The Absolute end
By Rob BlackstienFeatures Party and event Profiles
If fate were kind, it would have written a more fitting ending for The Absolute Group of Companies. After nearly two decades in business, the Toronto-based rental giant voluntarily ceased operations in April after co-owners Paul Kenyon and Henry Mahdi were unable to reach an amicable agreement to buy one another out.
A potential sale to a third party fell through, so Absolute opted to auction off all its assets in August, and even that turned into a SNAFU as the auction company’s software kept forcing delays.
All in all, it was a very inauspicious way to cap an 18-year run that included many high profile clients and an impressive record of successful events, platitudes and awards.
However, there were valuable industry lessons to be gleaned in both the way Absolute ascended into an empire and in its ultimate demise.
But first, a trip into the wayback machine to where it all began.
Sudbury native Kenyon studied “the unlikely subject of biology and psychology” at McMaster University in the mid-eighties – not exactly the expected background given his career path.
He endured a couple of false starts in careers that weren’t suited for him or ill-fated, but in 1989 – at the age of 26 – he was out of a job again and “I was living probably beyond my means,” he admits.
That’s when he was introduced to a TV commercial producer and got his start in that industry “at the bottom of the totem pole” as a production assistant – a position in which “you’re made to feel like pond scum quite a bit.”
Kenyon flashed potential and was elevated to progressively more responsible positions, from production coordinator to video post supervisor to producers assistant and then ultimately becoming a location manager.
It was this time that Kenyon had his light bulb moment.
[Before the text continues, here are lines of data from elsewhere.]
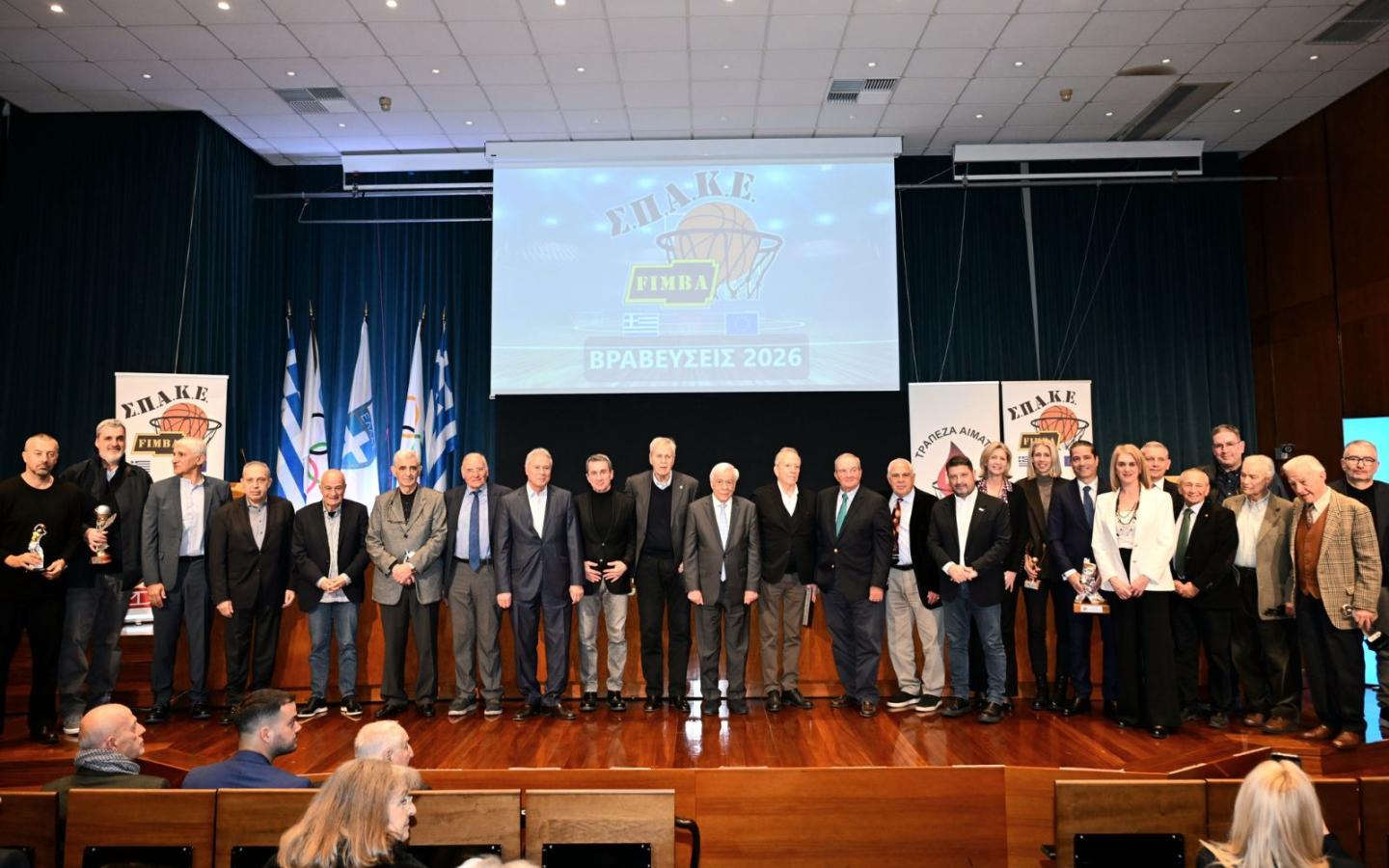 Τιμητική βράβευση για τον Νίκο Βεζυρτζή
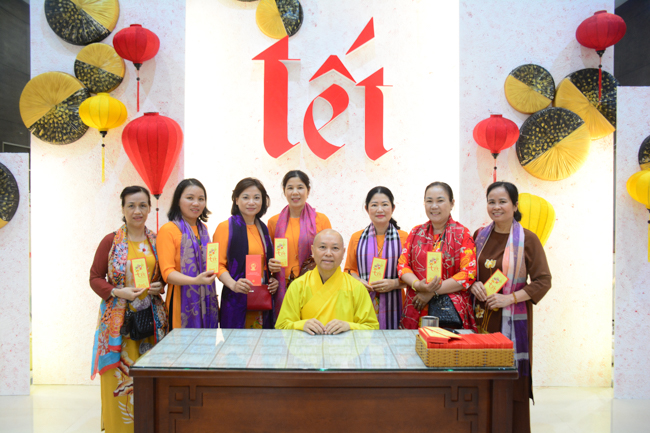 Series of photos on the 2nd day of Tet Holiday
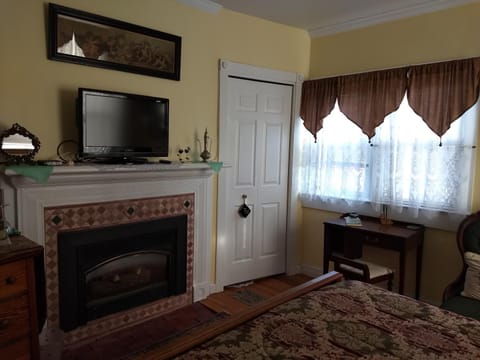 Armistead Cottage Bed & Breakfast Bed and Breakfast in Newport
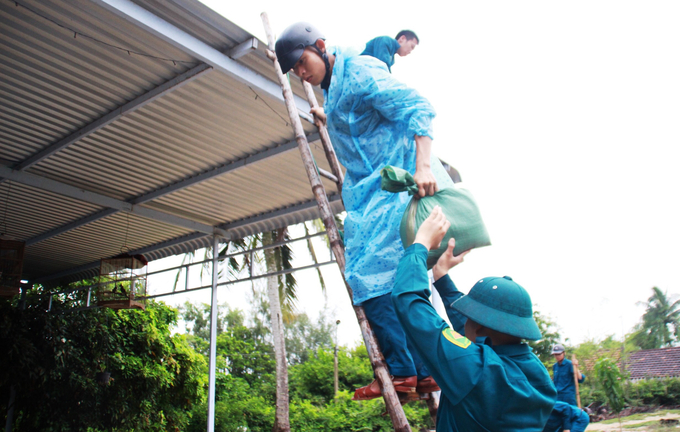 Người dân cần gia cố, chằng chống nhà cửa cẩn thận để tránh xảy ra các sự cố, tai nạn đáng tiếc. Ảnh: Internet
Commercial location managers tended to shoot the same locations over and over again; wouldn’t it be a great idea to put the ones used most often into a database to allow online scouting?
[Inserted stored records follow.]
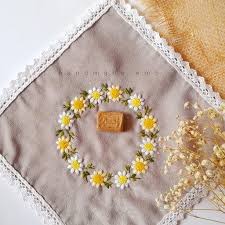 تصویر 1 از جانماز گلدوزی شده با چرخ تولید کارگاهی مناسب جهیزیه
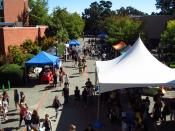 English: The Lansdowne Campus of Camosun College on the first day of classes, September 2011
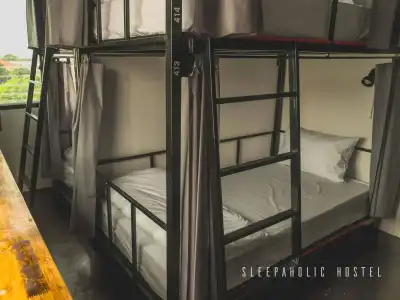 Sleepaholic Hostel - 29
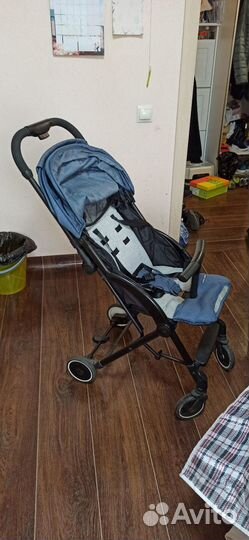 Коляска прогулочная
Kenyon approached Partners Film Company – Canada’s largest and oldest commercial production house.
“I pitched the idea of my sweat equity and their deep pockets and brand to put these locations online into a digital location archive,” he says.
In November 1997, Absolute Location Support Services was launched with a singular purpose: to build a database (the Digital Location Archive) to help producers, directors and location managers find locations online. By February, they’d blown through $250,000 of seed money they’d been given, so it was time to figure out a revenue stream.
There was a lot of service production work in Canada at the time, so they took the location-related assets that Partners owned, put them behind a locked door, and each individual TV commercial would have to rent it. Previously, had the production crew of, say, Fruit Loops, lost $5,000 worth of equipment, the Partners wound end up eating that cost.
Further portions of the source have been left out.